Effectivement, à partir de ce moment-là, tous les soirs à la fin des complies, l’officiant ne manquait jamais de dire:

«Prions pour notre pauvre père Gaucher, qui sacrifie son âme aux intérêts de la communauté… Oremus, Domine…»

Et pendant que sur toutes ces capuches blanches, prosternées dans l’ombre des nefs, l’oraison courait en frémissant comme une petite bise sur la neige, là-bas, tout au bout du couvent, derrière le vitrage enflammé de la distillerie, on entendait le père Gaucher qui chantait à tue-tête:

Dans Paris il y a un père blanc,Patatin, patatan, taraban, tarabin;Dans Paris il y a un père blanc,Qui fait danser des moinettes,Trin, trin, trin, dans un jardin;Qui fait danser des…

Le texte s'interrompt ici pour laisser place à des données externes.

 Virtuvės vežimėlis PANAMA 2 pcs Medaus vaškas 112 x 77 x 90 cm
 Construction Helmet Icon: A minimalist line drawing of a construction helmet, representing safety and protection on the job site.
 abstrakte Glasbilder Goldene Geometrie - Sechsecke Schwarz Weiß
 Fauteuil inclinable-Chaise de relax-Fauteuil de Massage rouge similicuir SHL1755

… Ici le bon curé s’arrêta plein d’épouvante:

«Miséricorde! si mes paroissiens m’entendaient!»

En Camargue

1 – Le départ

Grande rumeur au château. Le messager vient d’apporter un mot du garde, moitié en français, moitié en provençal, annonçant qu’il y a eu déjà deux ou trois beaux passages de Galéjons, de Charlottines, et que les oiseaux de prime non plus ne manquaient pas.

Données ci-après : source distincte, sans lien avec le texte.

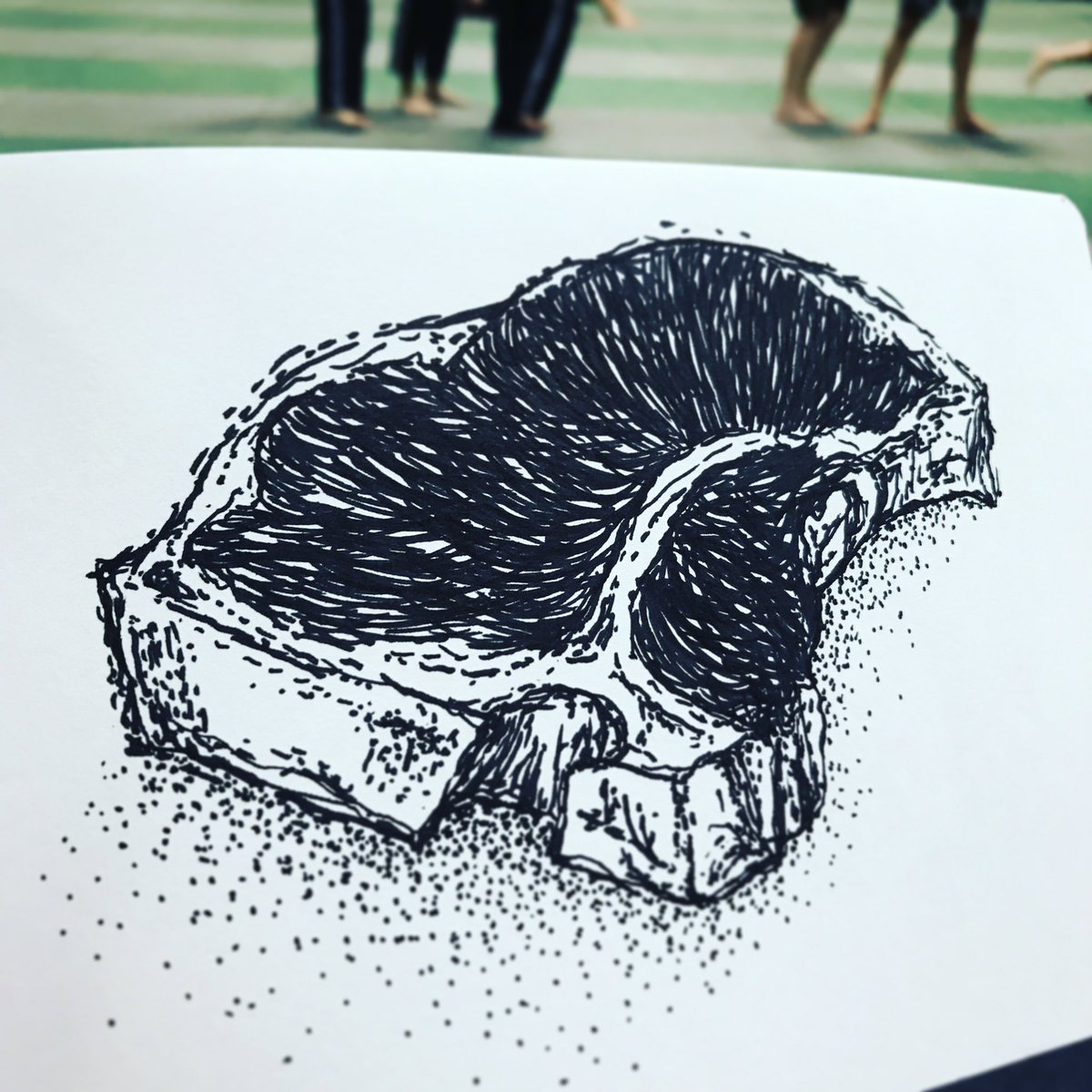 theWayToRoast's tweet photo. Getting ready for #kravmaga? Don't waste time. Draw #redmeat. Prepping for digital downloads. -- #penandink #chef #kitchen #tbone https://t.co/ZhccEDF7yH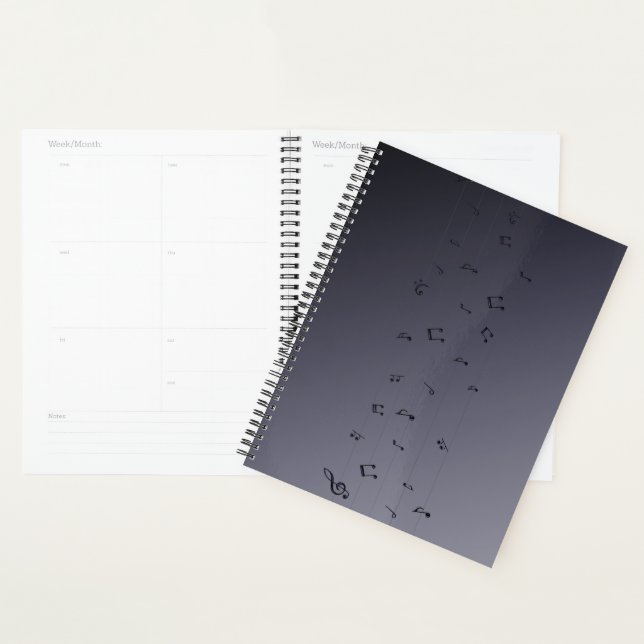 Notes musicales Ombre foncé gris (Devant avec enveloppe)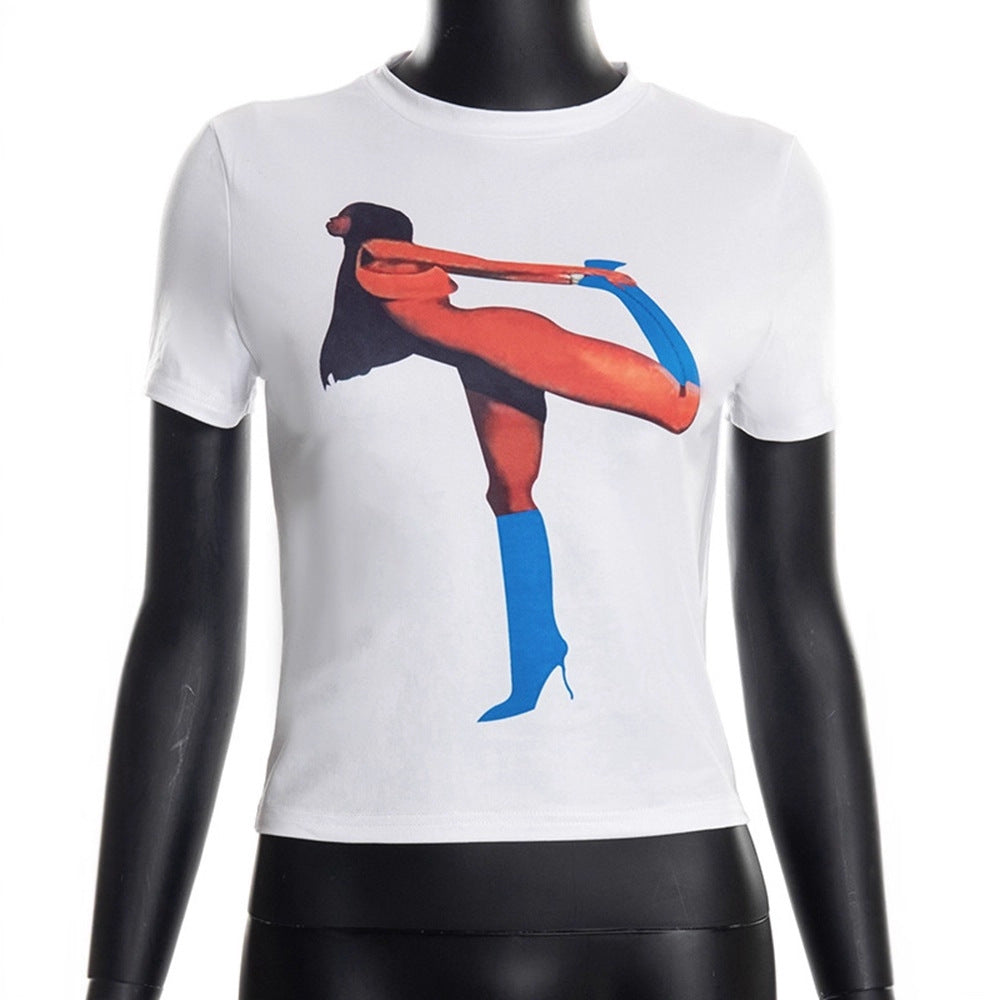 Damen Crop T-Shirt mit auffälligem Grafikdruck EB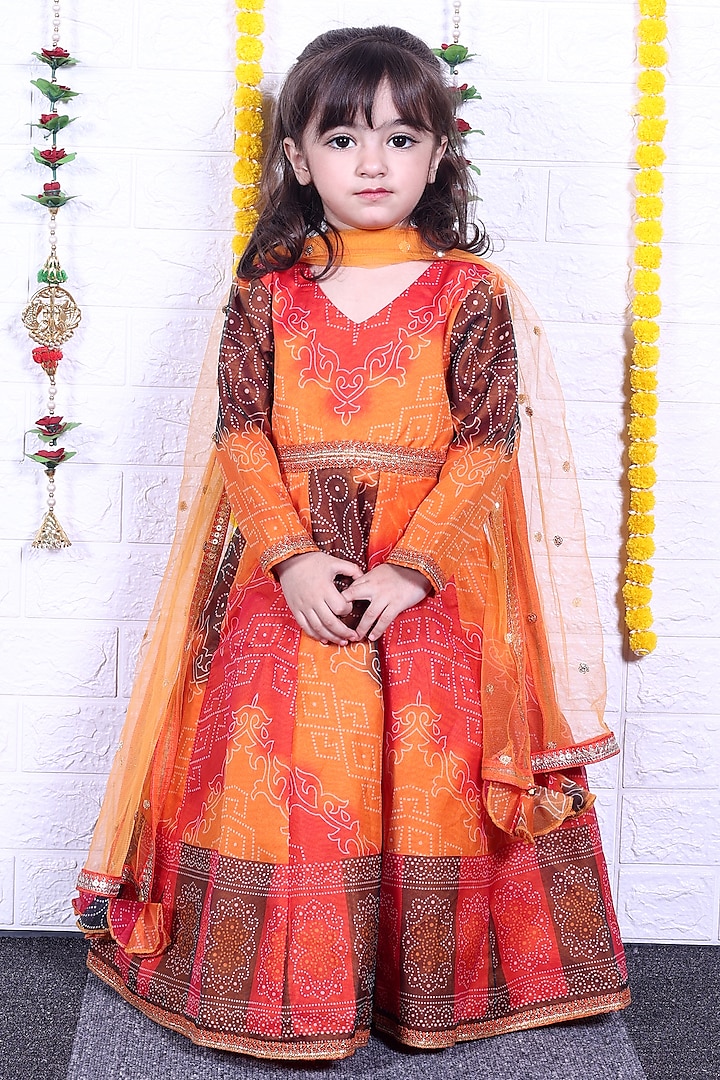 Multi-Colored Organza Printed Lace Work Anarkali Set For Girls by Fashion Totz  at Pernia's Pop Up Shop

«Vous êtes des nôtres!» m’ont écrit mes aimables voisins: et ce matin, au petit jour de cinq heures, leur grand break chargé de fusils, de chiens, de victuailles, est venu me prendre au bas de la côte. Nous voilà roulant sur la route d’Arles, un peu sèche, un peu dépouillée, par ce matin de décembre où la verdure pâle des oliviers est à peine visible, et la verdure crue des chênes kermès un peu trop hivernale et factice. Les étables se remuent. Il y a des réveils avant le jour qui allument la vitre des fermes; et dans les découpures de pierre de l’abbaye de Montmajour, des orfraies comme engourdies de sommeil battent de l’aile parmi les ruines. Pourtant nous croisons déjà, le long des fossés, de vieilles paysannes qui vont au marché au trot de leurs bourriquets. Elles viennent de la ville des Baux. Six grandes lieues pour s’asseoir une heure sur les marches de Saint-Trophime et vendre des petits paquets de simples ramassés dans la montagne!…

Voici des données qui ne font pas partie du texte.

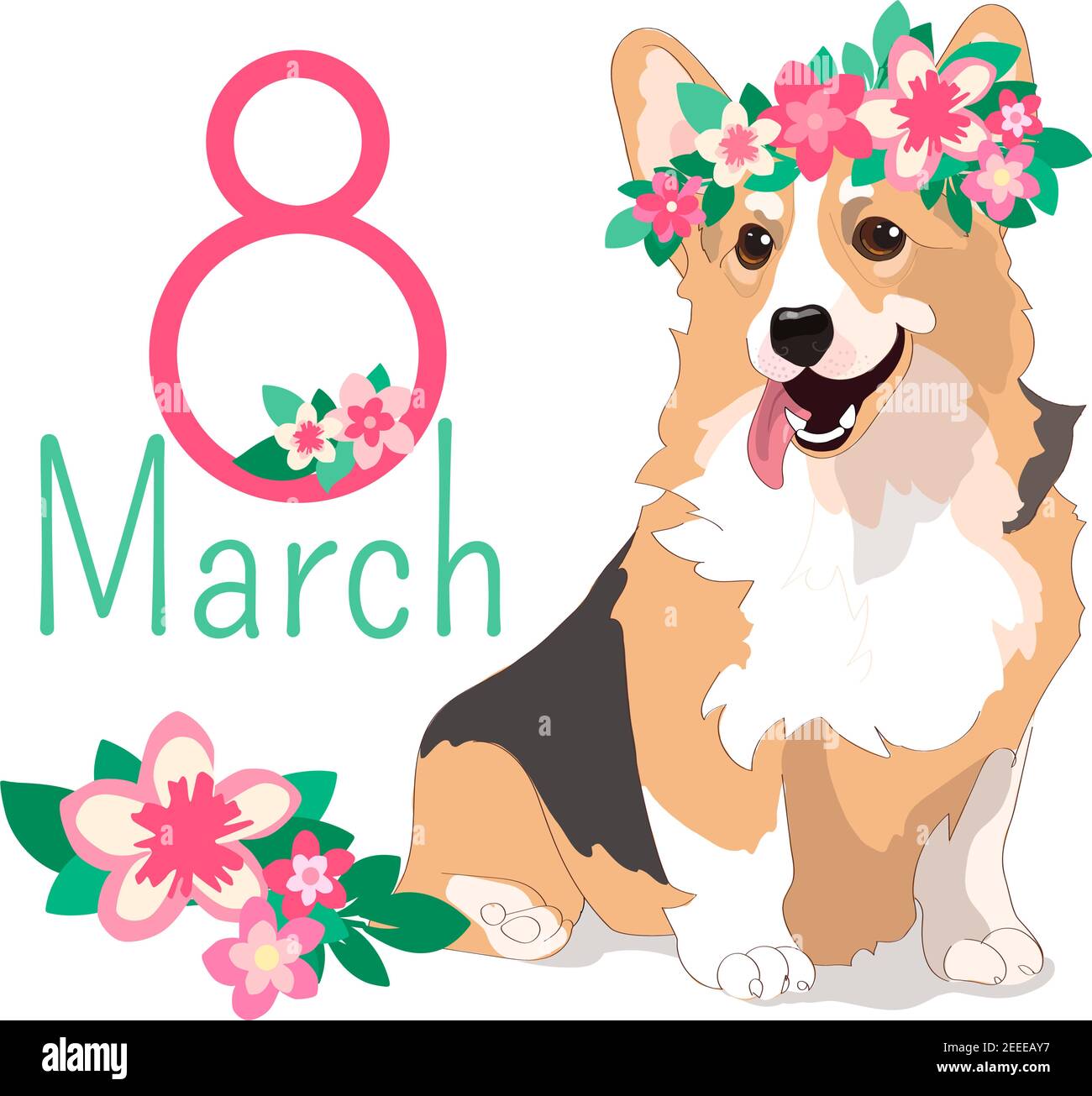 Lustige Weihnachtskarte mit walisischen Corgi in einem Blumenkranz. Zufrieden Hund mit hervorstehenden rosa Zunge. Die Inschrift vom März 8. Vektor-Grußkarte für Frauen Tag isoliert auf einem weißen Hintergrund Stock Vektor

Maintenant voici les remparts d’Arles; des remparts bas et crénelés, comme on en voit sur les anciennes estampes où des guerriers armés de lances apparaissent en haut de talus moins grands qu’eux. Nous traversons au galop cette merveilleuse petite ville, une des plus pittoresques de France, avec ses balcons sculptés, arrondis, s’avançant comme des moucharabiehs jusqu’au milieu des rues étroites, avec ses vieilles maisons noires aux petites portes, moresques, ogivales et basses, qui vous reportent au temps de Guillaume Court-Nez et des Sarrasins. A cette heure, il n’y a encore personne dehors. Le quai du Rhône seul est animé. Le bateau à vapeur qui fait le service de la Camargue chauffe au bas des marches, prêt à partir. Des ménagers en veste de cadis roux, des filles de La Roquette qui vont se louer pour les travaux des fermes, montent sur le pont avec nous, causant et riant entre eux. Sous les longues mantes brunes rabattues à cause de l’air vif du matin, la haute coiffure arlésienne fait la tête élégante et petite avec un joli grain d’effronterie, une envie de se dresser pour lancer le rire ou la malice plus loin… La cloche sonne; nous partons. Avec la triple vitesse du Rhône, de l’hélice, du mistral, les deux rivages se déroulent. D’un côté c’est la Crau, une plaine aride, pierreuse. De l’autre, la Camargue, plus verte, qui prolonge jusqu’à la mer son herbe courte et ses marais pleins de roseaux.

De temps en temps le bateau s’arrête près d’un ponton, à gauche ou à droite, à Empire ou à Royaume, comme on disait au Moyen Age, du temps du royaume d’Arles, et comme les vieux mariniers du Rhône disent encore aujourd’hui. A chaque ponton, une ferme blanche, un bouquet d’arbres. Les travailleurs descendent chargés d’outils, les femmes leur panier au bras, droites sur la passerelle. Vers Empire ou vers Royaume peu à peu le bateau se vide, et quand il arrive au ponton du Mas-de-Giraud où nous descendons, il n’y a presque plus personne à bord.